EXERCISE: After locating the line that holds "Polagram Tiered Smocked", copy that line and all that follow it word for word through the end of the data, with no pictures.

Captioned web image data
————
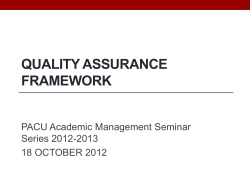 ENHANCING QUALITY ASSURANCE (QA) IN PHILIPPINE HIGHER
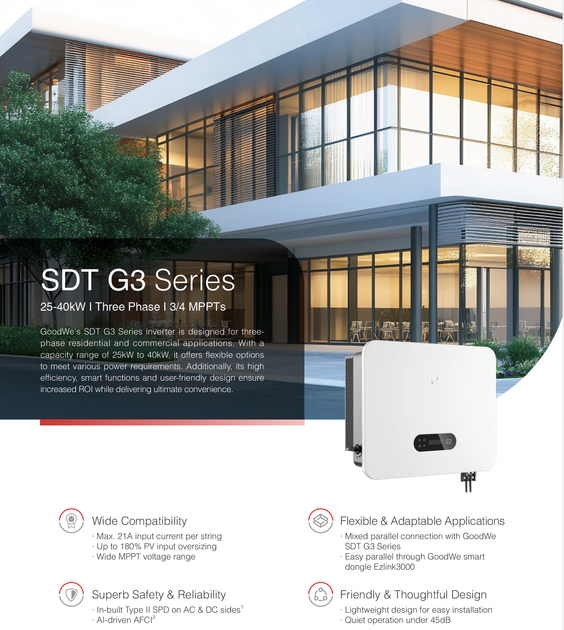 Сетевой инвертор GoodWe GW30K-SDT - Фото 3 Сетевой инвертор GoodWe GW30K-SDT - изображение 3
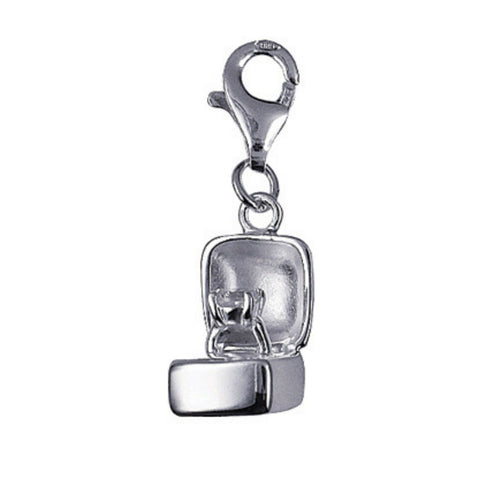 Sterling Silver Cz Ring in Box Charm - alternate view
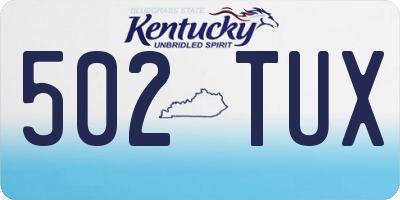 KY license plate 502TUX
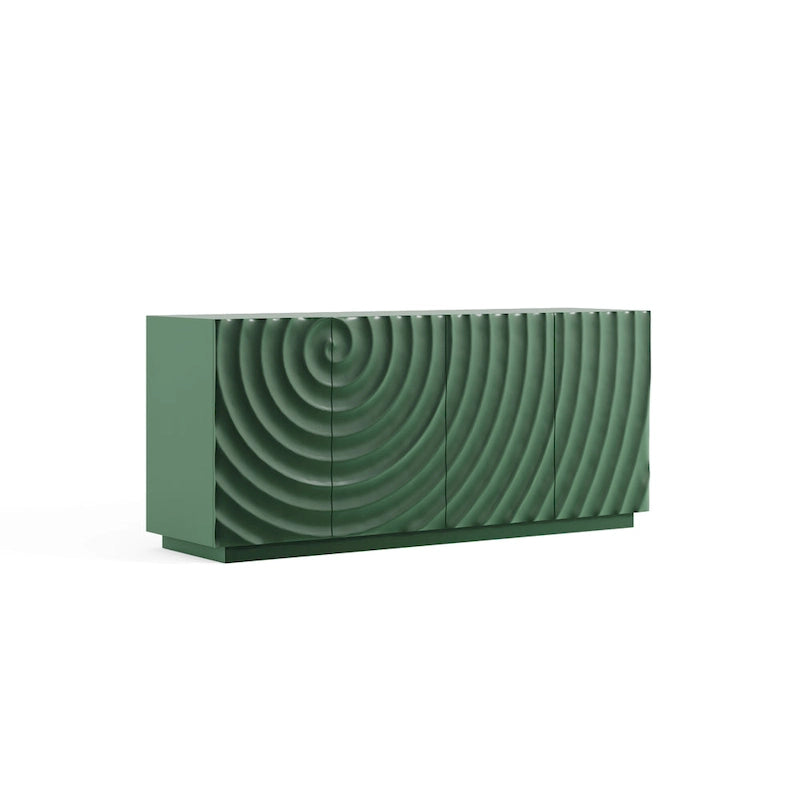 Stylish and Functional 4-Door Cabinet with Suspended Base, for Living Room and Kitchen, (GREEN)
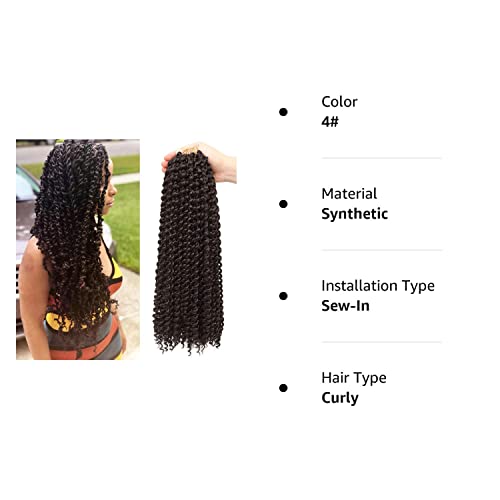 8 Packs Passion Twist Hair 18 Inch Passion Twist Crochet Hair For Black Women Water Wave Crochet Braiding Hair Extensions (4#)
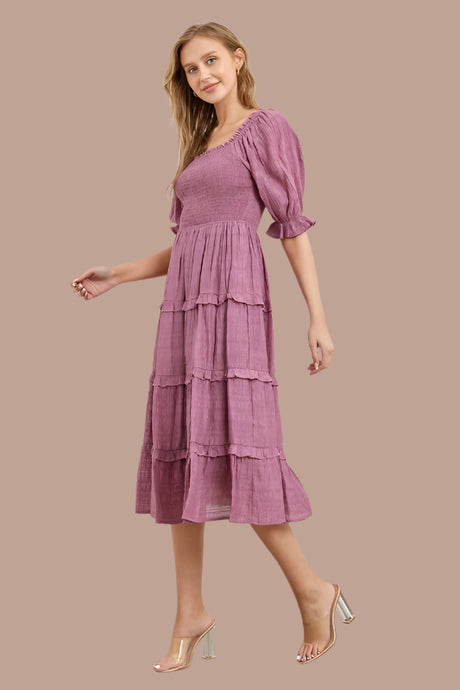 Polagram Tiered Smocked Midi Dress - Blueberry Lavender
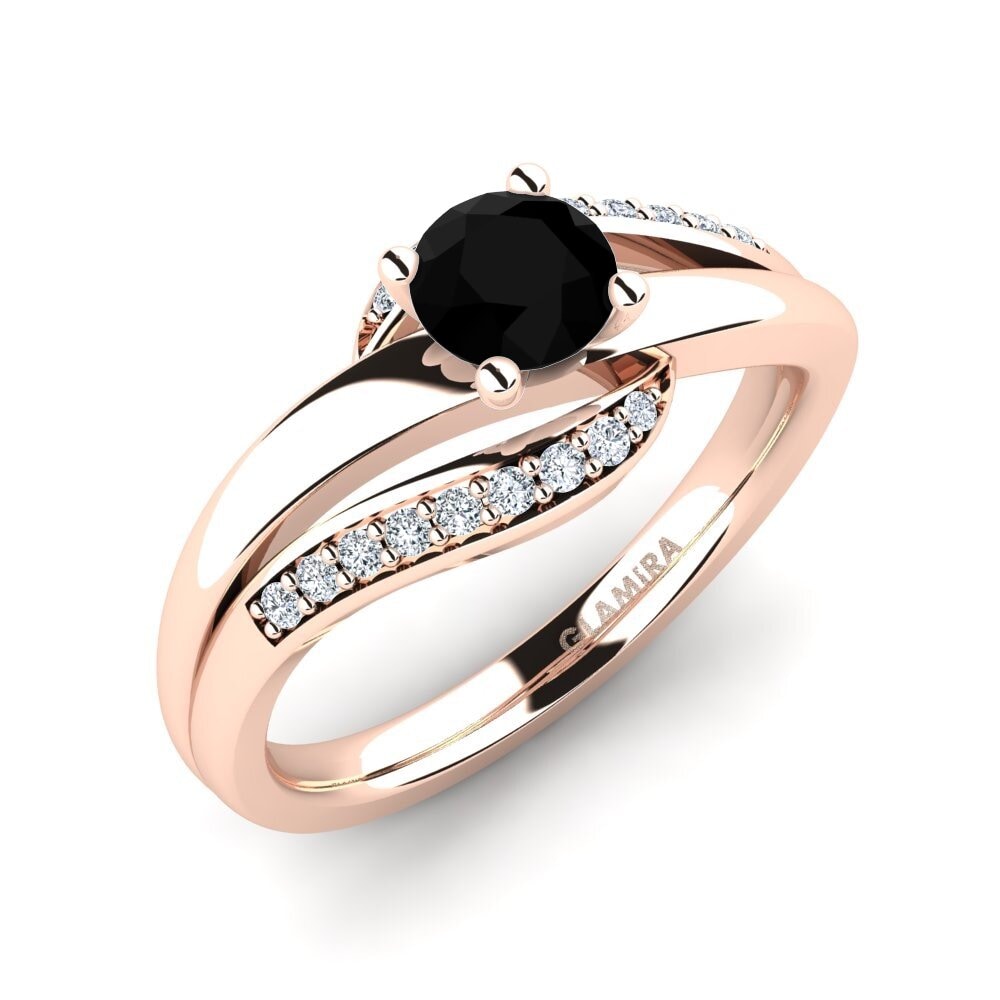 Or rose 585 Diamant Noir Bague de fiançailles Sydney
————
SOLVED EXERCISE:
 Polagram Tiered Smocked Midi Dress - Blueberry Lavender
 Or rose 585 Diamant Noir Bague de fiançailles Sydney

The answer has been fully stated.